I just bought my 3rd Nissan truck (2000 Frontier / 4 cyl / automatic / King Cab) and plan on tuning it up this weekend; plugs, cap, rotor, wires, filters & fluid change.

I plan on installing NGK plugs, but don't know the proper gap. The owner's manual is missing and I couldn't find the gap spec on any of the stickers under the hood.

What is the proper gap for a 2000 4 cylinder Frontier? .039? .040? .044?


----------



## jerryp58 (Jan 6, 2005)

0.043in

NGK PFR5G-11 (Standard)
NGK PFR6G-11 (Cold)

Spark Plug Torque: 14-22 ft-lbs (anti-seize recommended)

Congratulations on your new truck.

BTW You can download a PDF of the owner's manual here... LINK


----------



## kkspeed (Jul 7, 2004)

Jerry,

Thanks for the link to the Owner's Manual!

The Owner's Manual recommends platinum spark plugs with a .043 gap.

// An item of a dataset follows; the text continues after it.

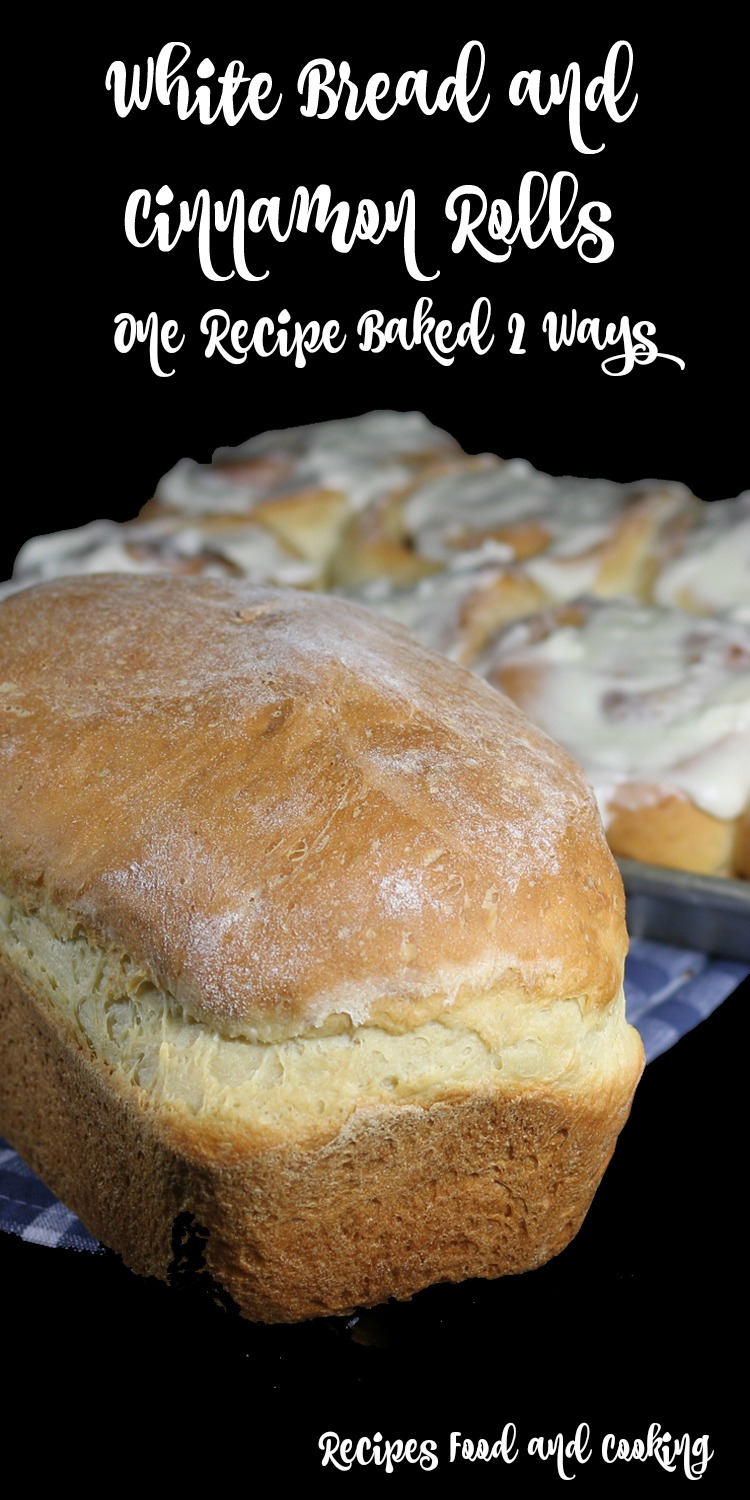 White Bread and Cinnamon Rolls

Should I buy NGK Platinum plugs or do you recommend a different brand? I checked Advance Auto Parts online and they have NGK Platinum but recommend a .039 gap. Do Platinum Plugs have a different gap then standard plugs?


----------



## jerryp58 (Jan 6, 2005)

kkspeed said:


> Jerry,
> 
> Thanks for the link to the Owner's Manual!
> 
> ...


I'm not sure why there's a difference in recommended gap. I know from this and other forums, everyone recommends NGK for Nissan. Several people seem very happy with the newer Iridium plugs also. If I were changing plugs right now (I've only got 35k on my truck), I think I'd go NGK Iridium with a .043 gap.


----------



## smj999smj (Jan 1, 2006)

NGK is the best plug for your truck; they are an OEM supplier for all Asian makes. NGK's website has a "part locator" that will list your options and give you the gap spec. Go to:

NGK Spark Plugs USA


----------



## kkspeed (Jul 7, 2004)

Thanks for the information.

NGK's site recommends a plug gap of .039 on all of their plugs for a 2000 Frontier with a 4 cyl.

However, jerryp958 posted an Owners' Manual link which recommends the following: 

Plug Type: Platinum Tip (Page 202 of 269)

Standard Plug: PFR5G-11 Gap: .043 (Page 241 of 269)

Why do you think there is a difference between Nissan and NGK?


----------